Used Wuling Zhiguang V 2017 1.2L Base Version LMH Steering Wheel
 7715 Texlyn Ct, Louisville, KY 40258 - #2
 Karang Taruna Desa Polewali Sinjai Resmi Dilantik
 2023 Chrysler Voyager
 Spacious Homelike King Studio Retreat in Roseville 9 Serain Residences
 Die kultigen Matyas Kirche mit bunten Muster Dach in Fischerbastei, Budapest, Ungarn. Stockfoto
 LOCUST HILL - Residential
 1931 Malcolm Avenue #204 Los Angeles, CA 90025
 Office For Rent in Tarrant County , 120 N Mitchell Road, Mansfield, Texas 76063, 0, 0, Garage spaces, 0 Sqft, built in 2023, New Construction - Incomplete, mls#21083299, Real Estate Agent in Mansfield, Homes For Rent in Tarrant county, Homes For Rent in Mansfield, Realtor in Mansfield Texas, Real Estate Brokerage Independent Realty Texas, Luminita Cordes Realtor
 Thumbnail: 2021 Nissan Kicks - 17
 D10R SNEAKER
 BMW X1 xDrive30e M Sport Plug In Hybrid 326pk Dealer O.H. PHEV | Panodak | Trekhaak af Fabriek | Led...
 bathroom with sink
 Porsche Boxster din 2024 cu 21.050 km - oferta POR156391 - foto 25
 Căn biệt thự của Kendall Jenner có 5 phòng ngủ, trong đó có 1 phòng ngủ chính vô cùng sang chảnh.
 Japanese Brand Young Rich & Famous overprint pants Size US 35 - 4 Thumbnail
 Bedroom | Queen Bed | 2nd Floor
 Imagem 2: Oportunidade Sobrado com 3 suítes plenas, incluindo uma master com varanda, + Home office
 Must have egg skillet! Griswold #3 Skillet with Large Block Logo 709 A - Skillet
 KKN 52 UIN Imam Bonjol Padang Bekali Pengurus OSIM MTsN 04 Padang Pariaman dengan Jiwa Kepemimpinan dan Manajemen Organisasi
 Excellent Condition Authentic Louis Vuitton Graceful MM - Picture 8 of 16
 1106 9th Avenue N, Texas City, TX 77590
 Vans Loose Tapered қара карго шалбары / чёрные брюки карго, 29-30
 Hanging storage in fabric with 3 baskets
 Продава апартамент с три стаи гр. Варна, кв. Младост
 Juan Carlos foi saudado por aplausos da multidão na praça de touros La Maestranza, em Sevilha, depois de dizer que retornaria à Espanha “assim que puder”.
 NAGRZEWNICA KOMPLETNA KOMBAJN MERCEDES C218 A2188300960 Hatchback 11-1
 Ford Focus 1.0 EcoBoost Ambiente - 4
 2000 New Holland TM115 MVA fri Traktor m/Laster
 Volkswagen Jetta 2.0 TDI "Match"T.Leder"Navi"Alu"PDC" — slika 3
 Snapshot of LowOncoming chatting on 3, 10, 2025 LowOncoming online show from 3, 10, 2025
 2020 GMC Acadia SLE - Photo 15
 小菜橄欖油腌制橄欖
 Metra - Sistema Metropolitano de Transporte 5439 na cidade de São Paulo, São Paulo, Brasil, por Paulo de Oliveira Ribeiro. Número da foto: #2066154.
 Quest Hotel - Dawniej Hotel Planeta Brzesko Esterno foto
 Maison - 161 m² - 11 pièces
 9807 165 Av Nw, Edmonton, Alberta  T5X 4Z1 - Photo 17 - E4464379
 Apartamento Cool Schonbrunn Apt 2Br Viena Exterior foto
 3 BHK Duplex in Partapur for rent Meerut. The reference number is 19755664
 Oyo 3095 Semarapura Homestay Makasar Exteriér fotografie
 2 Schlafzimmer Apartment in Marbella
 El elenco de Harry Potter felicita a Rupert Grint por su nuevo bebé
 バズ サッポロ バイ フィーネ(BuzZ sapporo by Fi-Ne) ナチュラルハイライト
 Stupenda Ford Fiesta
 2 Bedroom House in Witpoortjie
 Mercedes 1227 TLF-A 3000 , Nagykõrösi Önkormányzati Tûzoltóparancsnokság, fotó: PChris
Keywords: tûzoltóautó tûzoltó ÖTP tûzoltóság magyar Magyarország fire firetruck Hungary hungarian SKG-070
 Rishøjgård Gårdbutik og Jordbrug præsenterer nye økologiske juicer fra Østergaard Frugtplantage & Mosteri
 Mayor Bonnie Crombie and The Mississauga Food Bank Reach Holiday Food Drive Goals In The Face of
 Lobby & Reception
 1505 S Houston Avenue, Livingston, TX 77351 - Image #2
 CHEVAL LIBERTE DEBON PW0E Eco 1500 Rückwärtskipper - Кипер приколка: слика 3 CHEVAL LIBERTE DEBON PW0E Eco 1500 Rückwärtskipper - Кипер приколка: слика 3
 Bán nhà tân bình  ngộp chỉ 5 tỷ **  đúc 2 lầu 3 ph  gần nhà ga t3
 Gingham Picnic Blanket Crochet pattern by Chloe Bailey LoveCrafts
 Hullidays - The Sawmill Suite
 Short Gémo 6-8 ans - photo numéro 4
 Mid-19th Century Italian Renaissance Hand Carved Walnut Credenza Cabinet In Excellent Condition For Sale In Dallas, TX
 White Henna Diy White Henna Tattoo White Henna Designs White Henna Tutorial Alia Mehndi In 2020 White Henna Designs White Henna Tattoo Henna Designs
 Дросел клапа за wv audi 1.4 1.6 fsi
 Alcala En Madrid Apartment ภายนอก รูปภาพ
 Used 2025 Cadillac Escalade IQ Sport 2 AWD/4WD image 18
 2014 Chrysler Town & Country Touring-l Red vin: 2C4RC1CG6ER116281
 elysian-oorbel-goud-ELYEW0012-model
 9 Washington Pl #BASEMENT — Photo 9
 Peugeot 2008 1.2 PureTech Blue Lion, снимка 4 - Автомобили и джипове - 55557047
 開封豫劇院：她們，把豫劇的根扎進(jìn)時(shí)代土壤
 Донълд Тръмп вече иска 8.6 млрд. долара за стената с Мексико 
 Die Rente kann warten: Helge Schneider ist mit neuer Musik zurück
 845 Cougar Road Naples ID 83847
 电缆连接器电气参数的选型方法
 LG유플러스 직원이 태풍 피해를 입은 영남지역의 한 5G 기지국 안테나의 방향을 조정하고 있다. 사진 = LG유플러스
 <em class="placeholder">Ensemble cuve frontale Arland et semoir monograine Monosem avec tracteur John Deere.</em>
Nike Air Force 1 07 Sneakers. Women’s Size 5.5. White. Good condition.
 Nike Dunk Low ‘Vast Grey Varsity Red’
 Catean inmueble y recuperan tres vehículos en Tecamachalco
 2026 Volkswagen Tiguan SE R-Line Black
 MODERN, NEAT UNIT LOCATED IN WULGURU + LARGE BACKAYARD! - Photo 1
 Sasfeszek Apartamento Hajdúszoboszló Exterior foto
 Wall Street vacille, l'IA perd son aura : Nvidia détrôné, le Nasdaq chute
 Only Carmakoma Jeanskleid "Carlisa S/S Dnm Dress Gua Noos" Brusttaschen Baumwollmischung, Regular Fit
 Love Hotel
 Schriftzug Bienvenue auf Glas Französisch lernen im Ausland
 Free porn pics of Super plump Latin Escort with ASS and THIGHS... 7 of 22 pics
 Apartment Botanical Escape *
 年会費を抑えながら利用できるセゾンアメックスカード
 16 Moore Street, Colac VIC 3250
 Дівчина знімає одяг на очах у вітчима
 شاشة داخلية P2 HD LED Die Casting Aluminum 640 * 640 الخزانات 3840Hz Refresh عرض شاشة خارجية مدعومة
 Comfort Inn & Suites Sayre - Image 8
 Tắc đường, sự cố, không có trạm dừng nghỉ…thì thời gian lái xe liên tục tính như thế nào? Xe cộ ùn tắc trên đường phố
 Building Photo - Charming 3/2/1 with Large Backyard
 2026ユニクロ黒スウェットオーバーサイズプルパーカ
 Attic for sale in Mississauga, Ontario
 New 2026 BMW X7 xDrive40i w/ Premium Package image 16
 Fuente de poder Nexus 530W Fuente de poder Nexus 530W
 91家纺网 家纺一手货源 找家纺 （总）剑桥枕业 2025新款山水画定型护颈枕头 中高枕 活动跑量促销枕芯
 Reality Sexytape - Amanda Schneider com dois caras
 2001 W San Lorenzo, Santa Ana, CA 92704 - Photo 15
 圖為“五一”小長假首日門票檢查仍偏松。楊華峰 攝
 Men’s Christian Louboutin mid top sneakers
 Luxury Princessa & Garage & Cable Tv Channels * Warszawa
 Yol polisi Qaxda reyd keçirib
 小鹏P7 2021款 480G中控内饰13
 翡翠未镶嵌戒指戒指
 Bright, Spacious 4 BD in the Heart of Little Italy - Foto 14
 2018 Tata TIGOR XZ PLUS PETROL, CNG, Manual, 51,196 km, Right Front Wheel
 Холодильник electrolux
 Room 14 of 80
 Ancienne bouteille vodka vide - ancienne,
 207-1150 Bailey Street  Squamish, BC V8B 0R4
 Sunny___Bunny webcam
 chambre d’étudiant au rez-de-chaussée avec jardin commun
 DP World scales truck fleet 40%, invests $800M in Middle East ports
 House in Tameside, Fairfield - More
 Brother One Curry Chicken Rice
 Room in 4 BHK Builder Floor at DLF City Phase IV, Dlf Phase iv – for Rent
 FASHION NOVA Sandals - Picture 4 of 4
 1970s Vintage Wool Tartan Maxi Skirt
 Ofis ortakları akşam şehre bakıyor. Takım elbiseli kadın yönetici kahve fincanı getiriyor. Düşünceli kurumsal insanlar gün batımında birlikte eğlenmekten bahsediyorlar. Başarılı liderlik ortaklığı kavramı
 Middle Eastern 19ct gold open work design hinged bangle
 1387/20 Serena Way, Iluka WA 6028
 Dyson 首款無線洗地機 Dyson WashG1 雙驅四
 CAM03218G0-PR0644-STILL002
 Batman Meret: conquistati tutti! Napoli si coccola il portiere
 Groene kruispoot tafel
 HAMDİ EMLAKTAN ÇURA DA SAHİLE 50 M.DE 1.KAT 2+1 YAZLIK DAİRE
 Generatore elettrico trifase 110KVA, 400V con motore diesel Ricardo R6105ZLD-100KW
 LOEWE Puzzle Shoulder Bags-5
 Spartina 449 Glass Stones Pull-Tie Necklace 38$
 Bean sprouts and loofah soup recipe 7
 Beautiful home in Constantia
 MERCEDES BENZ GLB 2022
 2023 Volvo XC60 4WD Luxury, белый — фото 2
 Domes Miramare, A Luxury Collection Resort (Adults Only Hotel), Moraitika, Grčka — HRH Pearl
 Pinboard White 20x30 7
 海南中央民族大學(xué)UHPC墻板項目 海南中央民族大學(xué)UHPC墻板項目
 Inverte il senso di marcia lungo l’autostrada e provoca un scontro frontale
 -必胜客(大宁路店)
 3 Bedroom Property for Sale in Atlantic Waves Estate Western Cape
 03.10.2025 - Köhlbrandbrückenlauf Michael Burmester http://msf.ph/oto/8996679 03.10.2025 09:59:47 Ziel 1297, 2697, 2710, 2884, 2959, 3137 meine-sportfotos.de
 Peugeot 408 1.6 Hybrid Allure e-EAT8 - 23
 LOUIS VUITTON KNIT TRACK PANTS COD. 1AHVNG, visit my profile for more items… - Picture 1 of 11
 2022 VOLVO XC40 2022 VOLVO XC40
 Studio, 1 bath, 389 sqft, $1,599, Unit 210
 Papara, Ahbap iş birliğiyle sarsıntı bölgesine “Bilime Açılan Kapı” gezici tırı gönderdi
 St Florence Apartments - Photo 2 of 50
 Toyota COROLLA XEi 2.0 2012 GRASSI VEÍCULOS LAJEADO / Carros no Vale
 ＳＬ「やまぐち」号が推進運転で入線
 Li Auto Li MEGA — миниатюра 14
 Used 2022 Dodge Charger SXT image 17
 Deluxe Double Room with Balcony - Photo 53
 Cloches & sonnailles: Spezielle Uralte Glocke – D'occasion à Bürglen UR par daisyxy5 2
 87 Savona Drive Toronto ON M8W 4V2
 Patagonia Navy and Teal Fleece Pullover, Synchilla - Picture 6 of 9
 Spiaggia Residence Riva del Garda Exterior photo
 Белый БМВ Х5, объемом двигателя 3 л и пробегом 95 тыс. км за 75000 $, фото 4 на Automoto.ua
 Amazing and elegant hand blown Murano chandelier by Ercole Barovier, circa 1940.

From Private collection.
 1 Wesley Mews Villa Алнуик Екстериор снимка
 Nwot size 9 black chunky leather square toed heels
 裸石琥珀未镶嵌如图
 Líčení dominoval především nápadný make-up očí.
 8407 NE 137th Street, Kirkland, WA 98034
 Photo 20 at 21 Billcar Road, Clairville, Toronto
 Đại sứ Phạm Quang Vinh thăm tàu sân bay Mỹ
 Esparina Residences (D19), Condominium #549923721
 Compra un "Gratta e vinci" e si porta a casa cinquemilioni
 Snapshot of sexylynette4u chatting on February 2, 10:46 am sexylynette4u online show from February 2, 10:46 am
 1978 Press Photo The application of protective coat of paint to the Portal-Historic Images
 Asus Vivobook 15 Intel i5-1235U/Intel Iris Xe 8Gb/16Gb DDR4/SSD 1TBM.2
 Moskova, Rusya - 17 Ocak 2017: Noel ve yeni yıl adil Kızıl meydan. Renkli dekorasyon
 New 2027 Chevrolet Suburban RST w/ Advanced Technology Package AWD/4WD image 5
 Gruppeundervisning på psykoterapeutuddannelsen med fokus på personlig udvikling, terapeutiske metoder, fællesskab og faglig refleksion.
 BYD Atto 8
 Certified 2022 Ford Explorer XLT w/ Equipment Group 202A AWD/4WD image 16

* [Work to be completed]
With the first line being the one containing "Karang Taruna Desa" and the last line the one containing "1931 Malcolm Avenue", transcribe exactly the lines above that fall in that range.

* [Solution to the exercise]
 Karang Taruna Desa Polewali Sinjai Resmi Dilantik
 2023 Chrysler Voyager
 Spacious Homelike King Studio Retreat in Roseville 9 Serain Residences
 Die kultigen Matyas Kirche mit bunten Muster Dach in Fischerbastei, Budapest, Ungarn. Stockfoto
 LOCUST HILL - Residential
 1931 Malcolm Avenue #204 Los Angeles, CA 90025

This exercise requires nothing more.